Last week I went to Westward Ho! It’s a nice enough seaside town, a little tatty and run down – as they often are – but undergoing a modest revival thanks to surfers and tourists with a penchant for nostalgia. There is no denying, however, that its name is what mainly distinguishes it: how many place-names include an exclamation mark? Not many, I suspect, although there is a municipality in Quebec that has two!! Saint-Louis-du-Ha!-Ha!
My visit was part of a trip down Memory Lane – or I should say Lanes, those comprising the web of routes that connect the towns and hamlets around the coast, combes and valleys of North Devon.

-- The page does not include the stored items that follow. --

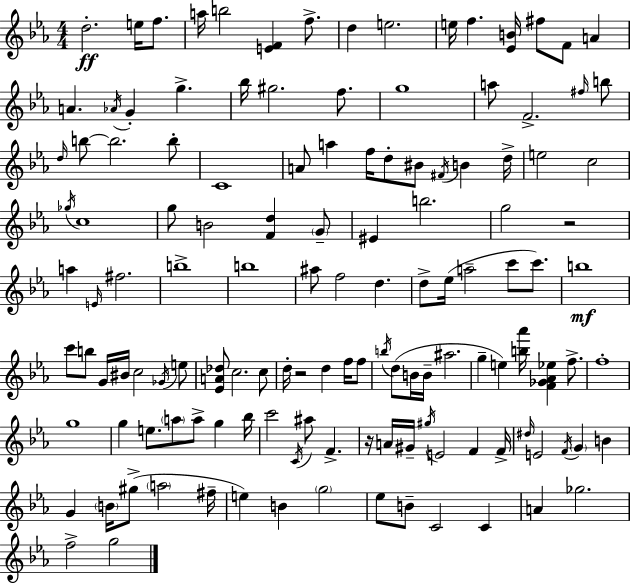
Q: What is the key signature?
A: EES major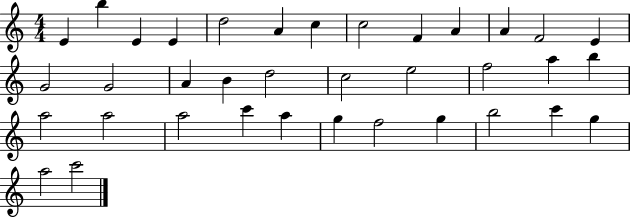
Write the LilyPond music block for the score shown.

{
  \clef treble
  \numericTimeSignature
  \time 4/4
  \key c \major
  e'4 b''4 e'4 e'4 | d''2 a'4 c''4 | c''2 f'4 a'4 | a'4 f'2 e'4 | \break g'2 g'2 | a'4 b'4 d''2 | c''2 e''2 | f''2 a''4 b''4 | \break a''2 a''2 | a''2 c'''4 a''4 | g''4 f''2 g''4 | b''2 c'''4 g''4 | \break a''2 c'''2 | \bar "|."
}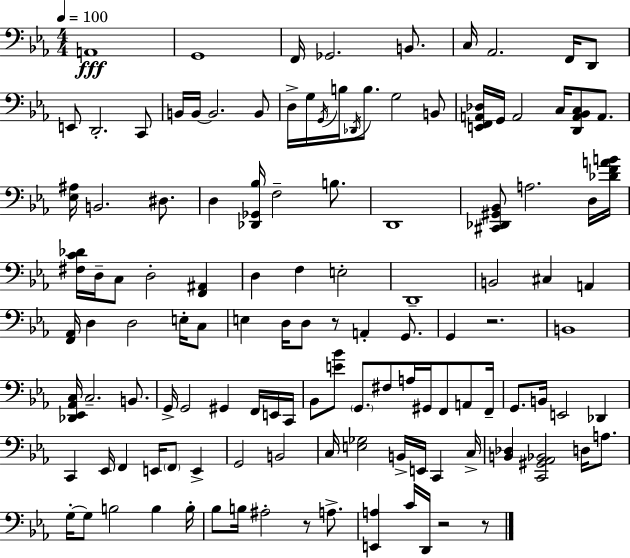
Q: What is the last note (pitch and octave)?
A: D2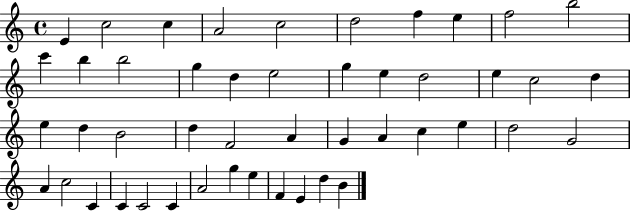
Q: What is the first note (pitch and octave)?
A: E4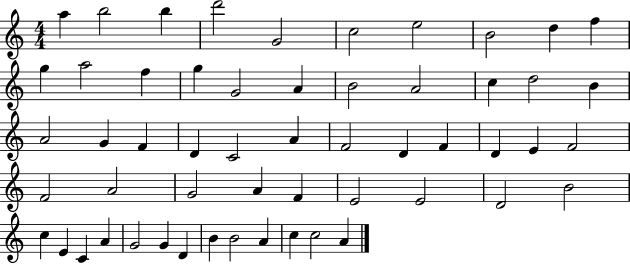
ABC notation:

X:1
T:Untitled
M:4/4
L:1/4
K:C
a b2 b d'2 G2 c2 e2 B2 d f g a2 f g G2 A B2 A2 c d2 B A2 G F D C2 A F2 D F D E F2 F2 A2 G2 A F E2 E2 D2 B2 c E C A G2 G D B B2 A c c2 A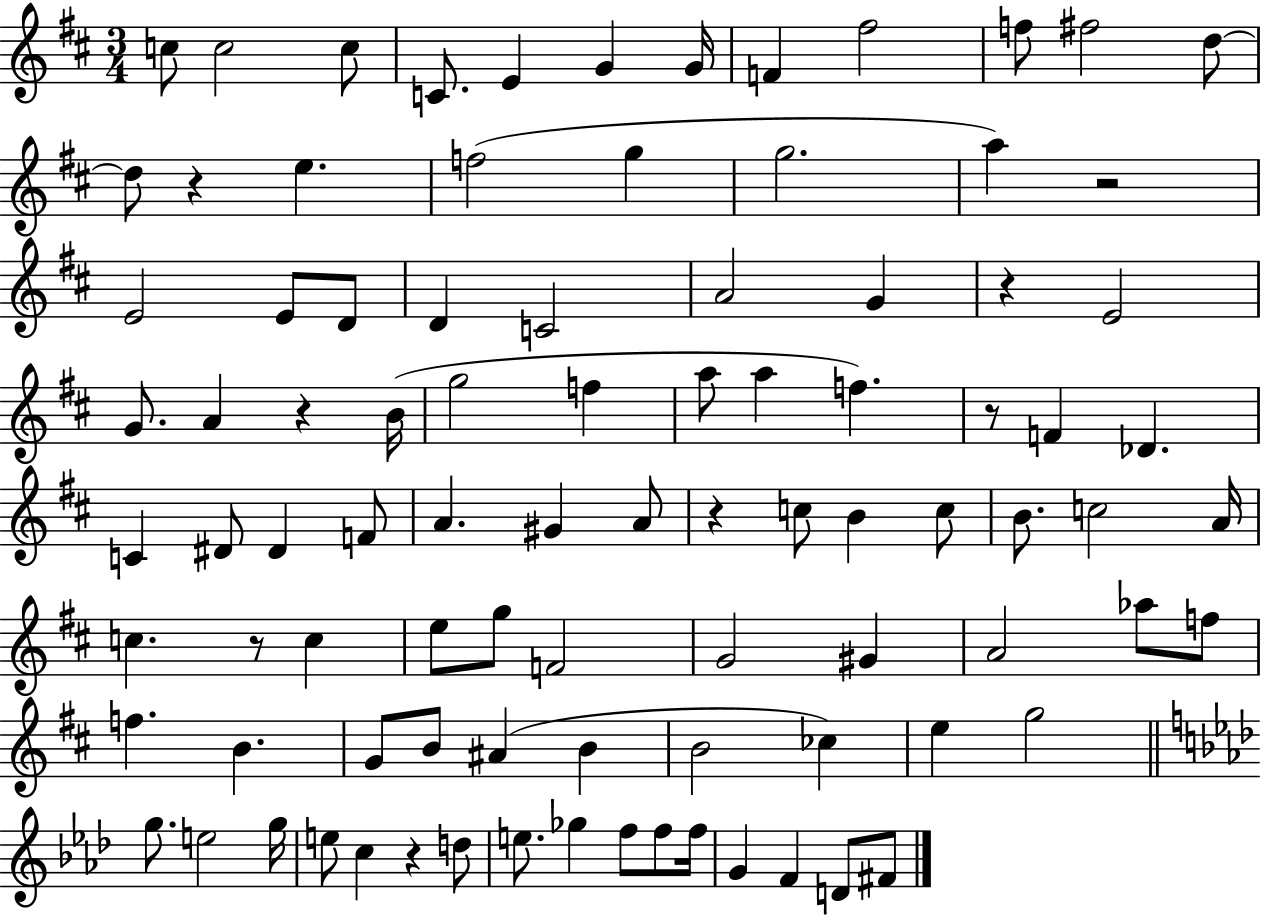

Having spent happy times there in my younger days I had great expectations of this latest return tempered, of course, by the knowledge that memory is an unreliable, fawning companion, often obliging with the kind of pleasant associations it knows you prefer and obscuring those which do not fit your idyll. And the places themselves will have changed as ‘progress’ makes its indelible marks. North Devon pre-1988 was relatively inaccessible and its unique cultural identity persisted a little longer than it might otherwise have done. That ended when the A361 trunk road opened, giving expedited access to commerce, industry and the growing number of motorised tourists and commuters encouraged by the easier journey.
But this is not a disaster story: the friends who anchor me to the place are still there and they have not changed. They might sometimes express wistfulness for the time when they felt less pressure from incomers but they are sufficiently well “dug-in” to be philosophical about it. The tourist industry feeds them via the local economy and they want high-speed broadband, good road access and supermarkets like the rest of us. Their children face the problem of expensive housing due to incomers, second-homers and the scarcity of new-build, but this is the same for their contemporaries born and bred in other desirable parts of Britain.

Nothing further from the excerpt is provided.